Se l’opposizione allo Stato confessionale, cioè la difesa della laicità dello Stato (unica base possibile di una democrazia), equivalesse ad un’intenzione sterminatoria, si potrebbe concludere, ad esempio, che i repubblicani spagnoli erano favorevoli allo lo sterminio di tutti i cristiani del loro Paese, nonostante la presenza di moltissimi cristiani tra loro. Lo stesso si potrebbe dire dei difensori repubblicani dell’istruzione laica nella Francia del XIX secolo, quest’ultima vittoriosa, che ha qualcosa a che fare con l’Università pubblica dove Magnoli, crediamo, si è laureato e dove insegna Leonardo Avritzer. È necessario un po’ di rispetto per gli antenati.
Quando si parla di storia, che ovviamente non conosce, Demétrio Magnoli si riferisce a Leonardo Avritzer. Questo collega non è d’accordo con il mio articolo perché, a suo avviso, l’origine della tragedia palestinese sarebbe “più complessa” e sarebbe da collocare, almeno in gran parte, nell’opposizione araba alla spartizione della Palestina, che sarebbe legittimo e legale perché adottato dall’ONU nel 1947. Un’ONU con un quarto dei suoi attuali membri, poiché la maggior parte dei paesi del mondo erano ancora colonie, come lo era, di fatto, la Palestina, sotto forma di mandato britannico. La stessa ONU, nel 1975 e con molti più membri, “ha stabilito che il sionismo è una forma di razzismo e di discriminazione razziale”, supponiamo con l’opposizione (attuale, ovviamente, e perfettamente legittima) di Leonardo Avritzer.
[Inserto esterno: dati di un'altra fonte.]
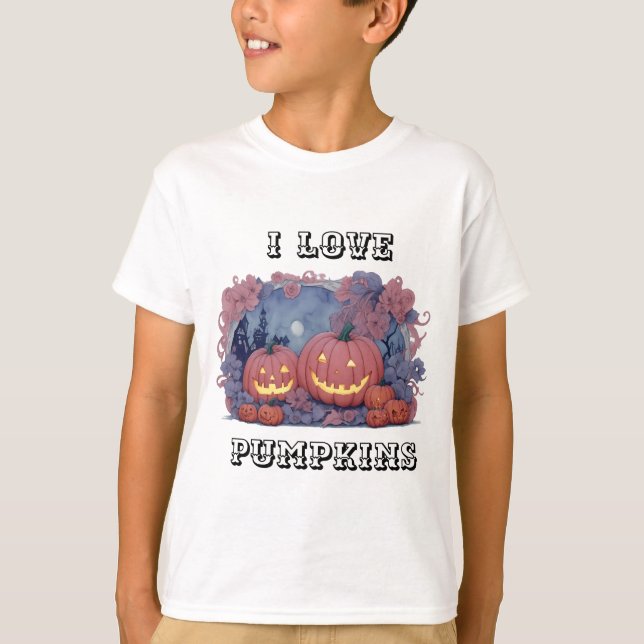 Camiseta Calabaza de Halloween (Anverso)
Con o senza l’ONU, la leadership sionista non avrebbe avuto, per Leonardo Avritzer, alcun piano per espellere i palestinesi. Per questa affermazione, Leonardo Avritzer si basa sul lavoro di Benny Morris del 1987, ma stranamente omette completamente le ricerche successive di Ilan Pappe. Se avessi letto La pulizia etnica della Palestina, Avritzer saprebbe che Pappe è perplesso di fronte alla posizione degli storici israeliani tradizionali e di Benny Morris, che erano “molto lontani dalla realtà” nel dipingere il caso Haifa come “un esempio di buona volontà sionista nei confronti della popolazione palestinese locale” (p. 58). , nonostante una certa dimostrazione di simpatia per i palestinesi da parte del sindaco di Haifa. Ma non è stato lui a determinare il corso degli eventi.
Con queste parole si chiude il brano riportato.